Additionally, k-means clustering is sensitive to the initialization of centroids. Scikit-Learn uses the k-means++ initialization method by default, which is more effective than random initialization in most cases.

Once trained, we can use the k-means model to predict the cluster labels for new, unseen data points. The model assigns each data point to the nearest centroid, based on the distance metric used.

In [None]:
import numpy as np
from sklearn.datasets import make_blobs
from sklearn.cluster import KMeans
from sklearn.metrics import silhouette_score, davies_bouldin_score
import matplotlib.pyplot as plt

X, _ = make_blobs(n_samples=400, n_features=2, centers=3, cluster_std=2.0, random_state=42)

kmeans = KMeans(n_clusters=3, random_state=42)
kmeans.fit(X)

labels = kmeans.labels_
centroids = kmeans.cluster_centers_

silhouette_avg = silhouette_score(X, labels)
db_index = davies_bouldin_score(X, labels)

print(f"Silhouette Score: {silhouette_avg:.2f}")
print(f"Davies-Bouldin Index: {db_index:.2f}")

plt.scatter(X[:, 0], X[:, 1], c=labels, cmap='viridis', s=20)
plt.scatter(centroids[:, 0], centroids[:, 1], c='red', s=40, marker='X', label='Cluster Centers')
plt.title('K-means Clustering')
plt.xlabel('Feature 1')
plt.ylabel('Feature 2')
plt.legend()
plt.show()

This code example demonstrates K-means clustering on synthetic data with three clusters.
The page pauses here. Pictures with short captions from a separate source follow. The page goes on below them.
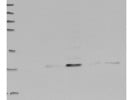 Great Antibody From Novus Biologicals to Detect FABP4 in Human Cells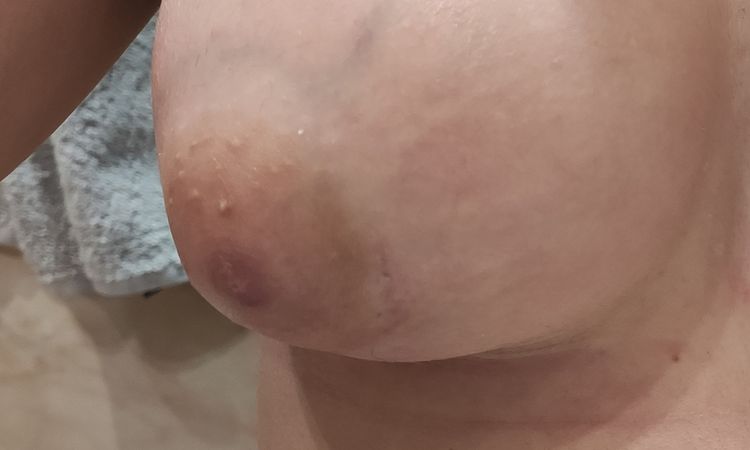 Complejo areola-pezón bajo y mirando al exterior tras aumento de mamas - 46532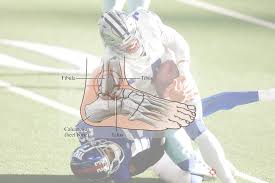 The following images shown on the cbs broadcast that show prescott's injury are. Ok So You Have A Severe Ankle Injury Now What A Possible Look Of Dak Prescott S Next Several Months Greater Washington Advanced Podiatry Llc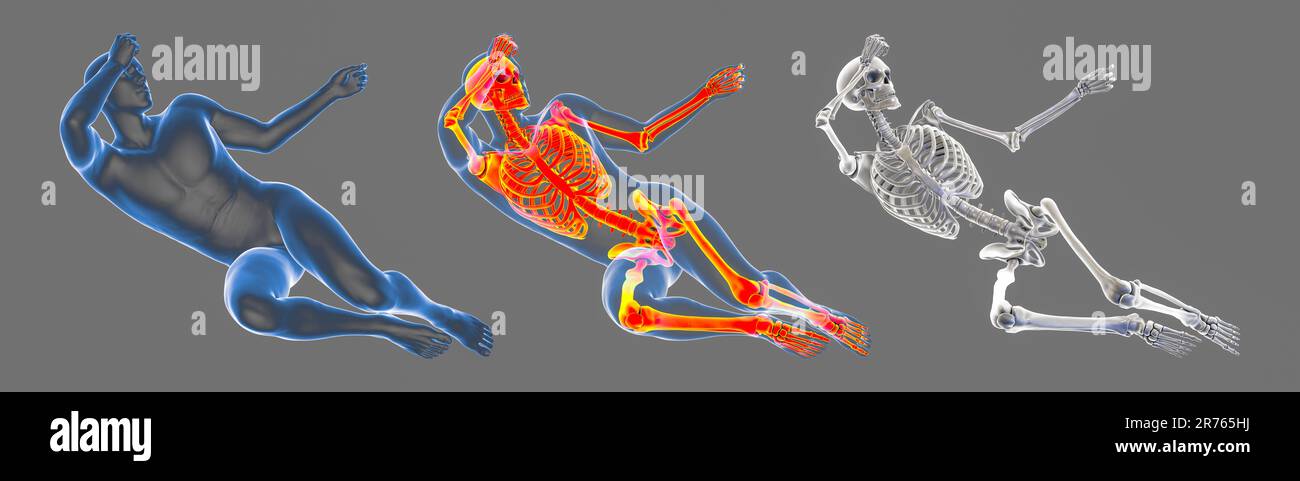 Human male body with skeleton in a bad feeling unconsciousness position ...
It calculates and prints two clustering evaluation metrics, the Silhouette Score and Davies-Bouldin Index, to assess the quality of the clustering. 
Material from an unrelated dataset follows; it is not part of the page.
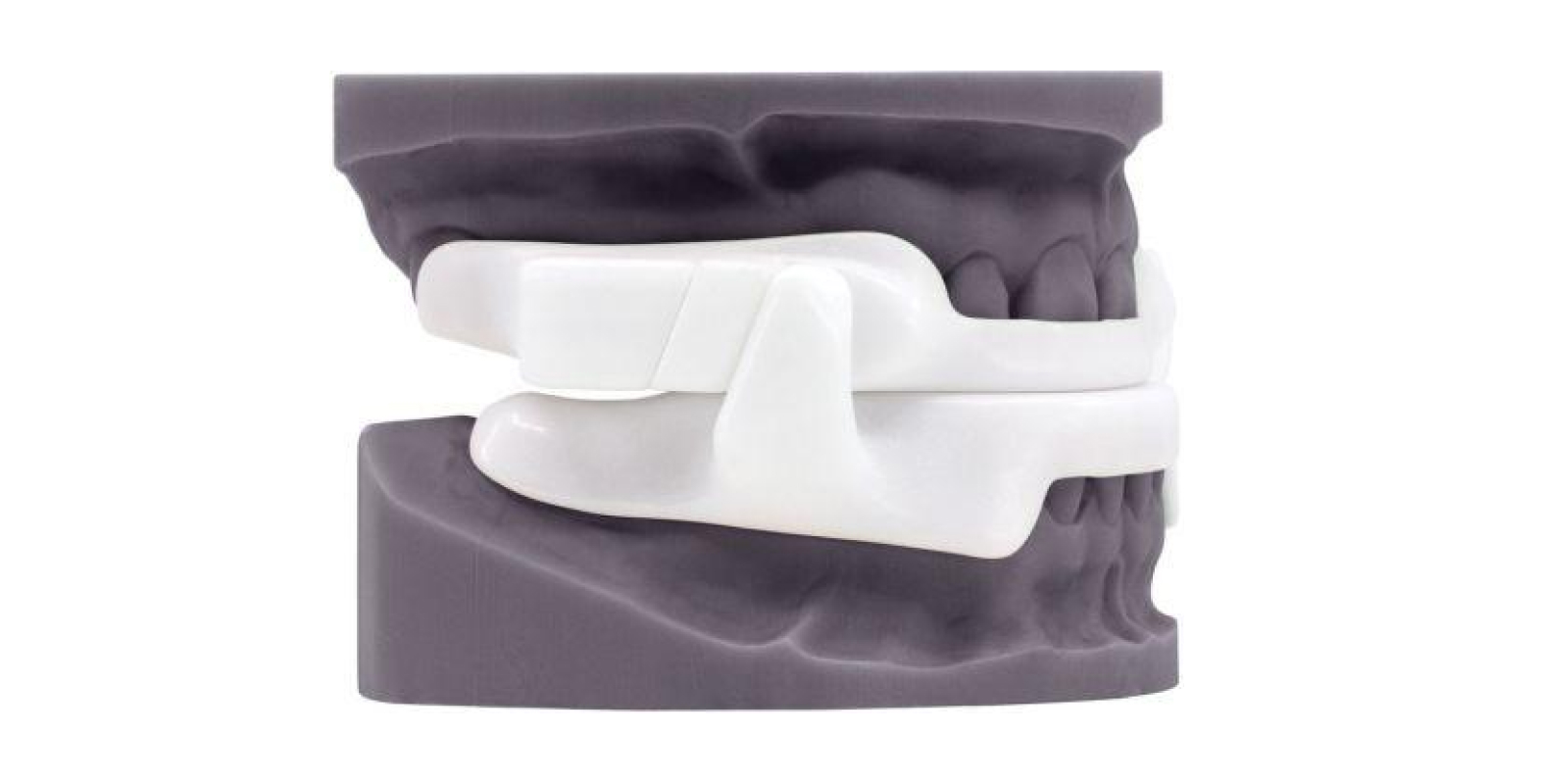 A dental model shows a white mandibular advancement device fitted between upper and lower teeth, demonstrating its use for jaw alignment.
The Silhouette Score measures how well-separated and cohesive the clusters are. In this example, the Silhouette Score is approximately 0.58, indicating reasonably well-defined clusters.
The Davies-Bouldin Index quantifies the average similarity ratio between clusters. In this case, it's approximately 0.60, suggesting good clustering quality.
These metrics provide insights into the clustering quality, and the visualization shows the data points and cluster centers.

### 2.3 Summary

K-means clustering is a fundamental unsupervised learning technique for partitioning data into clusters based on similarity. It's widely used for various applications, including customer segmentation, image compression, and anomaly detection. Understanding the algorithm's inner workings, appropriate parameter selection, and evaluation are crucial for successful clustering. Keep in mind that k-means has limitations, such as its sensitivity to cluster shape and the need to specify the number of clusters in advance.